## Instructions for the task
Of the lines listed below, return exactly those that run from the line containing "Tiptolene Touw 10mm" through the line containing "Calculator haldex Volvo", both included.
===== Exercise input =====
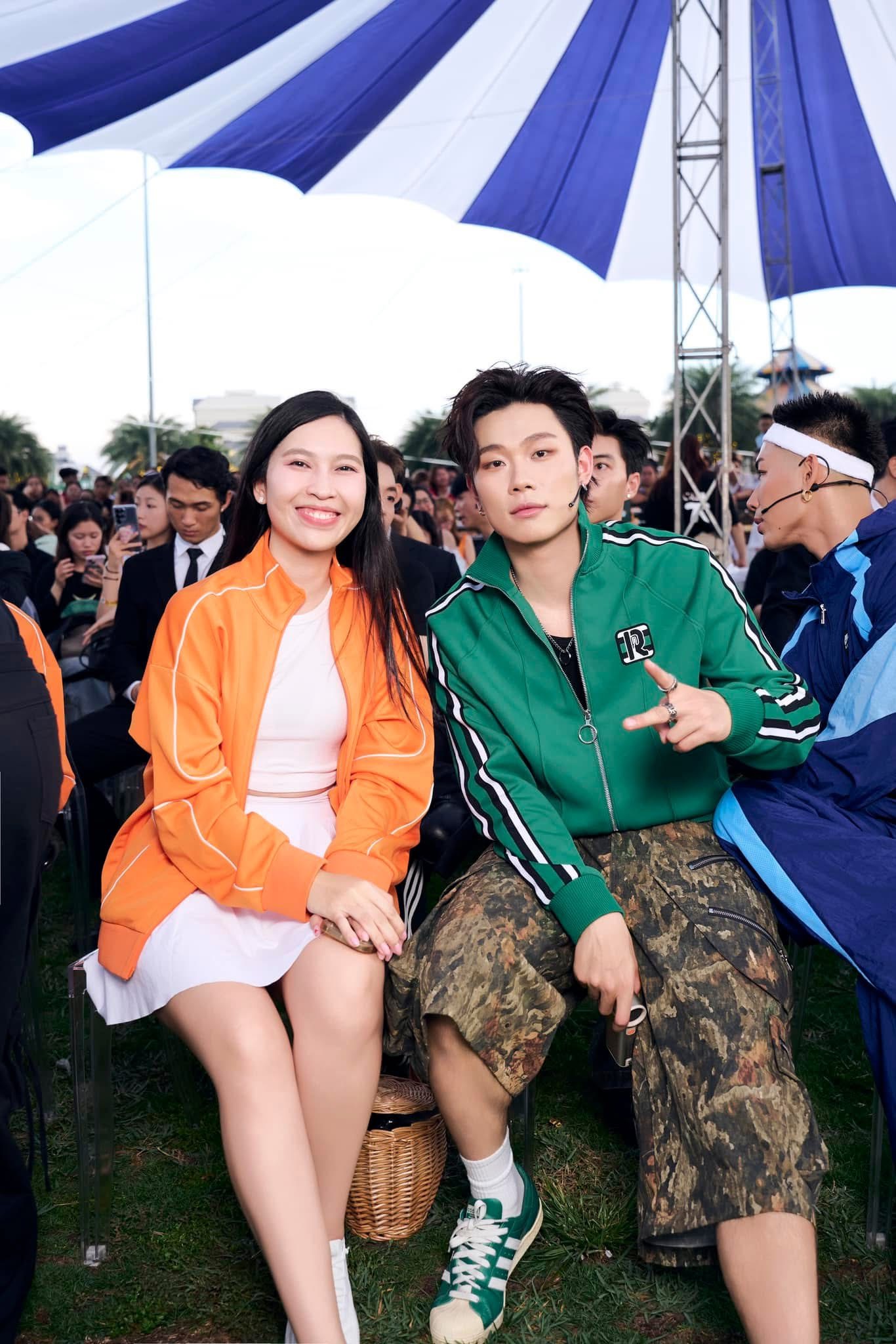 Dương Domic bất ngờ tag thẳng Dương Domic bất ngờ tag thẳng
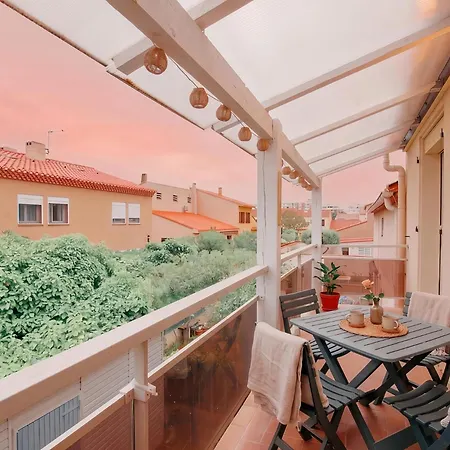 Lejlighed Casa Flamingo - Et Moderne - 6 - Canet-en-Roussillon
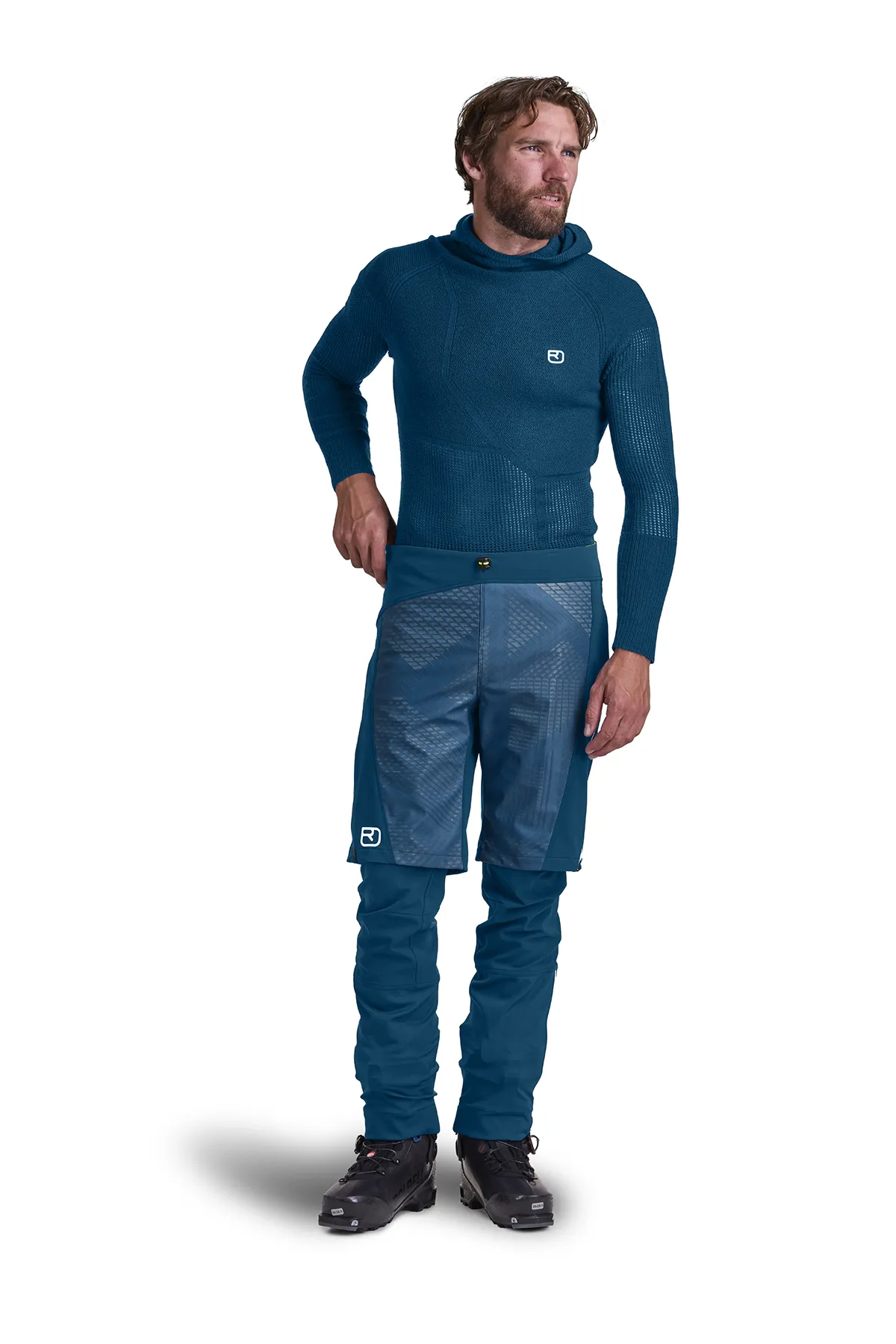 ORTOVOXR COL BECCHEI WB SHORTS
=====
===== Exercise input =====
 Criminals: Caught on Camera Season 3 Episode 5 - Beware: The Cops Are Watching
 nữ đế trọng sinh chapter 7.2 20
=====
===== Exercise input =====
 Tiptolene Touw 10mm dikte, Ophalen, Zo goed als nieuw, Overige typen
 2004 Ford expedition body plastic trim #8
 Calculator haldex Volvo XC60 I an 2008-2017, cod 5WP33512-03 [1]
=====
## Answer for the task
 Tiptolene Touw 10mm dikte, Ophalen, Zo goed als nieuw, Overige typen
 2004 Ford expedition body plastic trim #8
 Calculator haldex Volvo XC60 I an 2008-2017, cod 5WP33512-03 [1]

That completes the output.